According to a fourth aspect of the embodiments of the present disclosure, there is provided a bridge test apparatus applied to a test terminal, the apparatus including:

the construction unit is configured to execute a page construction request based on input target parameters and send the page construction request to an H5 terminal, wherein the target parameters are parameters of bridges to be tested, the bridges to be tested are used for a native program arranged in a client terminal to communicate with an H5 terminal, so that the H5 terminal analyzes the target parameters from the page request, a calling method of the bridges to be tested is generated based on the target parameters, the bridges to be tested are called by executing the calling method of the bridges to be tested, an execution result of the client terminal processing the bridges to be tested and returning is obtained, and the execution result of the bridges to be tested is output;

a receiving unit configured to perform receiving an execution result of the bridge to be tested.

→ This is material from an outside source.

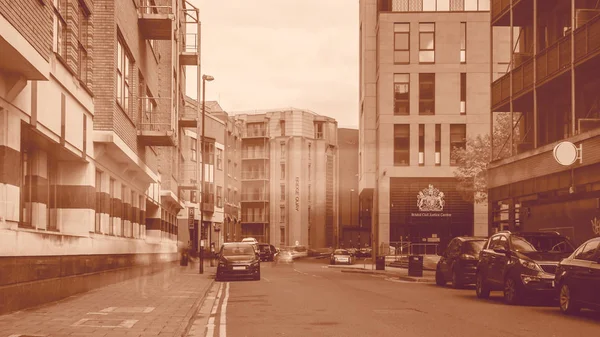 Při pohledu dolů Redcliff Street Bristol Anglie — Stock fotografie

In a possible embodiment, the construction unit is specifically configured to perform:

transmitting the target parameters into a page request template to obtain an initial page request;

and encoding the initial page request to obtain the page request which can be decoded at the H5 end.

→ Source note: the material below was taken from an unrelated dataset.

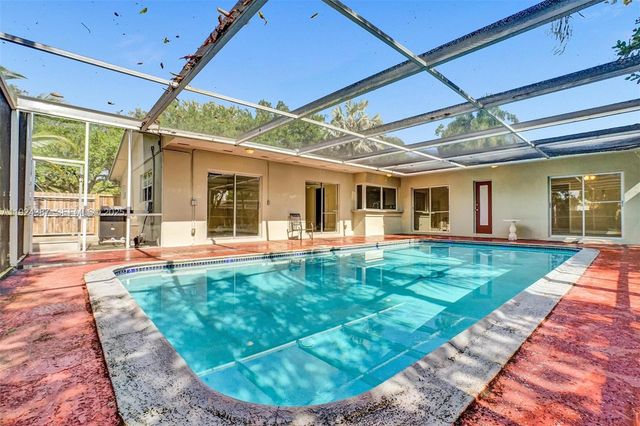 470 NW 46th Ave, Plantation, FL 33317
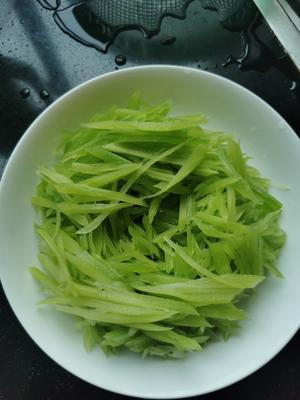 凉拌莴笋的做法 步骤1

In a possible implementation, the receiving unit is specifically configured to perform:

receiving an execution result of a bridge to be tested sent by an H5 end through a client through an interface of a bridge test function of a test end, wherein the bridge test function comprises a first function for verifying the execution result and a second function for generating a test report for the verification result;

and based on the second function, generating and outputting a test report for the verification result of the bridge to be tested.

In one possible embodiment, the interface of the bridge test function is an interface of the unit test function.

In a possible implementation, the receiving unit is specifically configured to perform:

and receiving an execution result of the bridge to be tested, which is sent by the H5 through the client, through an interface of a bridge test function of the test end.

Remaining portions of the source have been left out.